DEFINITION: The phrase “bull market” refers to conditions under which the stock market experiences an extended, across-the-board rise in prices. While the term is predominantly applied to the stock market, it may be extended to other traded assets, including bonds, commodities, real estate, and currencies.
Since normal market trading involves considerable fluctuation in security prices, to qualify as a “bull market” the price rise must be expected to last over many months if not years.
ETYMOLOGY: The origin of the phrase “bull market” is uncertain. The term is attested from the early eighteenth century and appears to have been invented as a complement to the phrase “bear market.” The choice of “bull” as the counterpart to “bear” may have been inspired by the twin practices of bull- and bearbaiting. Another theory points to the aggressive, hard-charging behavior of bulls.
The English noun “bull” is attested from the twelfth century. It derives, via Middle English bule, from Old English bula, which is akin to the Old English verb blāwan, meaning “to blow.”
The English noun “market” derives, via Middle English and Old North French, from the Latin noun mercātus, mercātūs, meaning “traffic,” “trade,” or “business,” as well as the place where the trade or business takes place, i.e., a “marketplace.”
Mercātus, in turn, is linked to the deponent verb mercor, mercari, meaning “to trade” or “to traffic in,” as well as the noun merx, mercis, meaning “goods” or “merchandise.”
USAGE: Bull markets are marked by optimism, investor confidence, and the anticipation of sustained profits over a considerable time span.
It is not easy to accurately foresee when market trends might shift. This difficulty is partly due to the importance of psychological factors and speculative behavior, which can significantly impact market conditions but are very hard to predict.
There is no universally recognized definition of a bull market. Nevertheless, the most prevalent characterization of a bull market often involves a scenario—symmetrical with a bear market—in which stock prices go up by 20 percent or more from their recent lows.
Popular business news outlets may indulge in the prediction of bull markets; however, given the inherent difficult of forecasting events that depend upon human agency, serious financial analysts tend to limit their discussion of bull markets to hindsight. Only after a bull market has run its course does it become clear that there was one.
Bull markets usually occur during periods of economic recovery or when economic growth is already strong. They often coincide with a reduction in the unemployment rate, a robust gross domestic product (GDP), and/or an upswing in corporate profits.
Under any or all of these conditions, it is natural for investor confidence to grow—which is the principal driver of what, in retrospect, will come to be seen as a bull market.

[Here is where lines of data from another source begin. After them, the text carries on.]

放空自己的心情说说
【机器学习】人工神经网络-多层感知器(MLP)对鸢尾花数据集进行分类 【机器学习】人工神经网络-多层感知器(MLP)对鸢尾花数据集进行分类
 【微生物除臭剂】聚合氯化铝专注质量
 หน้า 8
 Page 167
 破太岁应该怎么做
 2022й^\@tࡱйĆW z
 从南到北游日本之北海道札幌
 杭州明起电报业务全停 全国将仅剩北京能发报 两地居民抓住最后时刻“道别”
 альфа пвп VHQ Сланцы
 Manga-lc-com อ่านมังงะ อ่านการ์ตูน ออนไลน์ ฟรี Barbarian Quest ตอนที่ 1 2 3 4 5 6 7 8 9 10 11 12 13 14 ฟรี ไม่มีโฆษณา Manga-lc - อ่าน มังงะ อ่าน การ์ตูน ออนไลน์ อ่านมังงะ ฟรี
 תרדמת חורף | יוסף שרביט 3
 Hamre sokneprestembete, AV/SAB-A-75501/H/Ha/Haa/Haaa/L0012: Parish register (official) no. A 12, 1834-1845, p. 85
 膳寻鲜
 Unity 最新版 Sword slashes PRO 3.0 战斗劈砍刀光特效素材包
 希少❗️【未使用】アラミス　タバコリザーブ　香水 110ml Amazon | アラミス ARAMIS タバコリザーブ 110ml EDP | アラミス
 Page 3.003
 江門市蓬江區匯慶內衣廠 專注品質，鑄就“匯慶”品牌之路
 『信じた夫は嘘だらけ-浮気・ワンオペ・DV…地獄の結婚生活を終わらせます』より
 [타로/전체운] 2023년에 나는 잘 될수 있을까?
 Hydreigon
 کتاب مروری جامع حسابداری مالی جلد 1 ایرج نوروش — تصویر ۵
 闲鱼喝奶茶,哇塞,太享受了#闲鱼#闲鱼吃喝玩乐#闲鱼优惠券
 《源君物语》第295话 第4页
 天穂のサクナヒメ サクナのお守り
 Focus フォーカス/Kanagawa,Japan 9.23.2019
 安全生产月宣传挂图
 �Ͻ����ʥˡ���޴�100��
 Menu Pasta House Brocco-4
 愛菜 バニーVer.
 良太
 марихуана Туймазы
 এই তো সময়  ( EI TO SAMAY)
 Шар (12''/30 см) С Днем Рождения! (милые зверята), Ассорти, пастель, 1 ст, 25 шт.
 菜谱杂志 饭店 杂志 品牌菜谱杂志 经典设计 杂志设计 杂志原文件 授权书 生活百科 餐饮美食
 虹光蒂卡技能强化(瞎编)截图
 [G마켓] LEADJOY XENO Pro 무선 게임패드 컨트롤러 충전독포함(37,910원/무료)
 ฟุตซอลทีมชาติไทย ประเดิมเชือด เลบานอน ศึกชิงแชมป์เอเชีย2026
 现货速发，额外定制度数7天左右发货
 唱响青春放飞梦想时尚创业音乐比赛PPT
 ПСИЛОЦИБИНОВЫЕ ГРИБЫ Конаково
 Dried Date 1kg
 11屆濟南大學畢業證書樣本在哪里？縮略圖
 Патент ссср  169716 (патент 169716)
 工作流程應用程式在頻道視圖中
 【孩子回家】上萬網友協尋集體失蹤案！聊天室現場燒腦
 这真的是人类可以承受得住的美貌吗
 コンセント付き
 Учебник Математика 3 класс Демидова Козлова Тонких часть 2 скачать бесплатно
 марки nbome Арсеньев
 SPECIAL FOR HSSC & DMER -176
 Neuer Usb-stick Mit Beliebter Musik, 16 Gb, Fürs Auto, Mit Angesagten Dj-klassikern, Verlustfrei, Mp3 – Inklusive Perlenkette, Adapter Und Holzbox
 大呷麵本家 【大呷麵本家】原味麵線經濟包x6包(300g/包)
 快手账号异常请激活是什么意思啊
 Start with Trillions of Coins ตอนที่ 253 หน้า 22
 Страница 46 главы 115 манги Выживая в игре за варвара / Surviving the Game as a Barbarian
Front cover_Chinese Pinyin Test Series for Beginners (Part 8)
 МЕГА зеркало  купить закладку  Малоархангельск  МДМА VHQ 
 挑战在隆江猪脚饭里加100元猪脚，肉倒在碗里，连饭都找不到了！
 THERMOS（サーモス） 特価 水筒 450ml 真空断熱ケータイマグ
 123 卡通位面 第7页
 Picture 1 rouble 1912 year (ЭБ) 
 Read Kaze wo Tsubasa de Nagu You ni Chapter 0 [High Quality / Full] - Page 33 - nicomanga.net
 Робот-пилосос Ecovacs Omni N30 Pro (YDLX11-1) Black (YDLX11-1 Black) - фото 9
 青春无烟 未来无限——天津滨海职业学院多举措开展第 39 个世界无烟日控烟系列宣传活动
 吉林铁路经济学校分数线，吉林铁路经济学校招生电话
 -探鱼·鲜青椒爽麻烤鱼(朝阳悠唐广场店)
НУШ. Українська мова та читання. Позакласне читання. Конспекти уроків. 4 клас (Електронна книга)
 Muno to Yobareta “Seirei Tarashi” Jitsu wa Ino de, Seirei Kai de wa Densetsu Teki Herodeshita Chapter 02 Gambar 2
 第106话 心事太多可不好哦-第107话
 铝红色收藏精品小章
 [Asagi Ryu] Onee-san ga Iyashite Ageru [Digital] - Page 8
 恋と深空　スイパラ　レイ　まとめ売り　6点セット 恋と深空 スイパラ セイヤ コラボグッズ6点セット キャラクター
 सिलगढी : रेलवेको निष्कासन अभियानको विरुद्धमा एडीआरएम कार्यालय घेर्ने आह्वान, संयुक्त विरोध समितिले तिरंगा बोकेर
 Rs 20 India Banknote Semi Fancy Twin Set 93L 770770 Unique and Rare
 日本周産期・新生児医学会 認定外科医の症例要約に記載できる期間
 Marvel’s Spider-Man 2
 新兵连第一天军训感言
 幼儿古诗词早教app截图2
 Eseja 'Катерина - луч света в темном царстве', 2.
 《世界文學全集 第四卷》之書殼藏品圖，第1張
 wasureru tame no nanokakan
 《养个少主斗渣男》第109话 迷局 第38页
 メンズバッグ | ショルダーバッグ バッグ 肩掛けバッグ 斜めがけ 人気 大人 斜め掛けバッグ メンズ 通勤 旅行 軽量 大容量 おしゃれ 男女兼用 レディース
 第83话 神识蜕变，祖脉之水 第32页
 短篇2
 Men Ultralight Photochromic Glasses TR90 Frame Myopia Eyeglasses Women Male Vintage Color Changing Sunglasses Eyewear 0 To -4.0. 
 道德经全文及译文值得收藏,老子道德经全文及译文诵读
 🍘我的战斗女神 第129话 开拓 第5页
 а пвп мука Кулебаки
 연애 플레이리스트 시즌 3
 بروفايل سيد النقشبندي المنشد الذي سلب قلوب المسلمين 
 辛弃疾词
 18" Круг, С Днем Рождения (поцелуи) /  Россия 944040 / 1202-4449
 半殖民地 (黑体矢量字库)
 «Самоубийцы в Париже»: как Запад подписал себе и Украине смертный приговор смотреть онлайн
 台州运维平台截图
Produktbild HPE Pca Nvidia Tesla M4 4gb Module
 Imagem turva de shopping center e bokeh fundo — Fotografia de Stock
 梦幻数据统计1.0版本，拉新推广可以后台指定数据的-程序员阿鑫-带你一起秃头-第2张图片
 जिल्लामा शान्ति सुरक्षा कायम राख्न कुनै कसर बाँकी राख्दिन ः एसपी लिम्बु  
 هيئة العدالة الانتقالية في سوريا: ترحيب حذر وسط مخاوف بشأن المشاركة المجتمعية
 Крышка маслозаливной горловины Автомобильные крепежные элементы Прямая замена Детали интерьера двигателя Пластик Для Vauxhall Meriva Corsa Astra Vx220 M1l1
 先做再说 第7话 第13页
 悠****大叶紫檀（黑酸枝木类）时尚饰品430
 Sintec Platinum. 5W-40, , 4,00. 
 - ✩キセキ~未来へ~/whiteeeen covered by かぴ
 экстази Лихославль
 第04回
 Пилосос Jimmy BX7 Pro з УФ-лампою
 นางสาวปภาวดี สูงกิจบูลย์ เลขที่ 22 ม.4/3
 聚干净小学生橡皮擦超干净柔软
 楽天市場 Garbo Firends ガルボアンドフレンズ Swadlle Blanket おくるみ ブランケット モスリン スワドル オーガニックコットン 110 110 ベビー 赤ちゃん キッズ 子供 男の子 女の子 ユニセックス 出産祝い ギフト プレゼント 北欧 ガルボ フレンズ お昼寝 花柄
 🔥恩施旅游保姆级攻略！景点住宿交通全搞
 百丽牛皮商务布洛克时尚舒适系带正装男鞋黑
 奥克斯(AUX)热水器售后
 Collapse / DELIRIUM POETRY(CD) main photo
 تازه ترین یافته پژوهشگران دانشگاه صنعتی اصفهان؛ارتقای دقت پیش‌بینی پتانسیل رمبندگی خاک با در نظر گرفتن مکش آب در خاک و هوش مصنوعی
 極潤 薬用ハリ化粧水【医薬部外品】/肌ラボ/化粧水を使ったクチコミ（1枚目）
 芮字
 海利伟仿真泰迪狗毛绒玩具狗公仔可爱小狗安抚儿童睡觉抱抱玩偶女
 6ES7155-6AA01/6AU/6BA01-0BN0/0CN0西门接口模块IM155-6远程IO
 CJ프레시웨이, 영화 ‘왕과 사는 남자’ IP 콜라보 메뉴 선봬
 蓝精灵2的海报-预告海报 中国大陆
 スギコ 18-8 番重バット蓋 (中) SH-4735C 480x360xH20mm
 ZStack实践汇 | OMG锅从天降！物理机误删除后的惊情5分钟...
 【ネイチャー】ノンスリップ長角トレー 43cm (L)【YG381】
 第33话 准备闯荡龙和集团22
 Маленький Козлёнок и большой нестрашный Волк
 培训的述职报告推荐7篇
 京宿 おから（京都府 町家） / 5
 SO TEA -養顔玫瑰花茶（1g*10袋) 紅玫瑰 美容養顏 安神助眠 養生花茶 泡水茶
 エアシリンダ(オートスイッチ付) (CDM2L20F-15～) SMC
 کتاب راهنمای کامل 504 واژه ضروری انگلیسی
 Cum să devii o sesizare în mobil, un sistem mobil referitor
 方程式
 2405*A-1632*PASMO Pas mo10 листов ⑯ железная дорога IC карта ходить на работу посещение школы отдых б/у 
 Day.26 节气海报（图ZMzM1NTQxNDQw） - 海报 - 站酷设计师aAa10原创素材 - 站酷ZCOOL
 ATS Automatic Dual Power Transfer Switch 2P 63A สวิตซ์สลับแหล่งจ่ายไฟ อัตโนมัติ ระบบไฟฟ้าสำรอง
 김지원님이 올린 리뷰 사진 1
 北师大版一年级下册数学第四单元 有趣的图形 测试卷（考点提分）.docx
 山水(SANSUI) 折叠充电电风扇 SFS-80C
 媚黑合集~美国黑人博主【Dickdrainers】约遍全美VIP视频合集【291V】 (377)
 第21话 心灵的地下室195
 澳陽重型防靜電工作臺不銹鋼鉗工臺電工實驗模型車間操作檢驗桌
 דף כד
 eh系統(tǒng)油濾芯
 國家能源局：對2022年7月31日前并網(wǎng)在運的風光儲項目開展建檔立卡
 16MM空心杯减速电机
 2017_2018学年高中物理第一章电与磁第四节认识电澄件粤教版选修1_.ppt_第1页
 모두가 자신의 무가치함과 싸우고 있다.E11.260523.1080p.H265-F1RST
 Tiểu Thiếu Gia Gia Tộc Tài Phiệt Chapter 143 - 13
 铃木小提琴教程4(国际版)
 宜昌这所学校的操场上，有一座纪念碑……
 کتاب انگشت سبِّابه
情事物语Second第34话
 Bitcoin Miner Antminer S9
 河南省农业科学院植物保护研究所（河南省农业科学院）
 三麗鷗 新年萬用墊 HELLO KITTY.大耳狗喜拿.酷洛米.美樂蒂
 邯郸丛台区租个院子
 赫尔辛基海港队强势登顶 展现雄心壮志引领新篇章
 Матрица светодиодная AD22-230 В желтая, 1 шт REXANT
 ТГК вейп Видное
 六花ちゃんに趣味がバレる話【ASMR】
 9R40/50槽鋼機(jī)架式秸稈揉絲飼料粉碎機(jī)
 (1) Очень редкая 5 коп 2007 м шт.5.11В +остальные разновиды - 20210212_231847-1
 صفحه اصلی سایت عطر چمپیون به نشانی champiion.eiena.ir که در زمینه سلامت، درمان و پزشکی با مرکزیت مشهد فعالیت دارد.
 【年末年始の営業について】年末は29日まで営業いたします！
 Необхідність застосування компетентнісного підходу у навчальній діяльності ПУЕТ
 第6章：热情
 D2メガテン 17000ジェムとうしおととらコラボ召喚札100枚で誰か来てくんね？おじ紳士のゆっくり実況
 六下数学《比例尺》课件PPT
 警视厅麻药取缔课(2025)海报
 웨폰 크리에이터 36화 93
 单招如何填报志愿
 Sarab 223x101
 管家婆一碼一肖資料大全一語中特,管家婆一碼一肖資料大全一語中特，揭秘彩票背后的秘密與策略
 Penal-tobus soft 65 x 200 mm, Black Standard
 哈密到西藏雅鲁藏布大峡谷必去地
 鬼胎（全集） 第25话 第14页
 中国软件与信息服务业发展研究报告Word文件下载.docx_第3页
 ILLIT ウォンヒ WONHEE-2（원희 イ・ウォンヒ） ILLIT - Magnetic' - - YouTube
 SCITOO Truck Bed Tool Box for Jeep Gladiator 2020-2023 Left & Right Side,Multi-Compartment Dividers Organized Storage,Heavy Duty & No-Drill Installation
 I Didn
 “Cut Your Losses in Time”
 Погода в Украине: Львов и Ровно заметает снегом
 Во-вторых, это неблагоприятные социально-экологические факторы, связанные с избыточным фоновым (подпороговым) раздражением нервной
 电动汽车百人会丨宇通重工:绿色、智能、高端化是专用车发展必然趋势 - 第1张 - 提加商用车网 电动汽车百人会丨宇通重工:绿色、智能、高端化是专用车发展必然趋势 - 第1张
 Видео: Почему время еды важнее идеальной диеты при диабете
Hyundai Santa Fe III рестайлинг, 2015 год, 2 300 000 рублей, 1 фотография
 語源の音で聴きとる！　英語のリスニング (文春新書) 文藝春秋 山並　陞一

During a bull market, there is by definition an increase in the demand for stocks, which produces a buoyant state of mind among market participants overall. Moreover, bull markets are generally marked by an uptick in initial public offering (IPO) activity.
Bull market do have several distinctive features even while they are happening. Among these is a surge in trading volume, driven by a greater number of investors who are eager to acquire and retain securities on account of the perceived potential for capital gains.
In addition, in a bull market, the prices of securities often increase due to investors’ willingness to pay higher prices in the belief that the value of their stocks will continue to go up.
Furthermore, a bull market is frequently marked by greater market liquidity, owing to heightened demand for securities and a smaller number of sellers. This dynamic facilitates swift and cost-effective buying and selling for investors.
In a bull market scenario, companies that are doing well might choose to enhance shareholder satisfaction by increasing dividend payouts—a particularly appealing prospect for income-oriented investors.
Finally, during a bull market, there tends to be a surge in companies opting to go public and generate funds with an IPO. This avenue presents investors with the opportunity to participate in the progress of young and promising enterprises.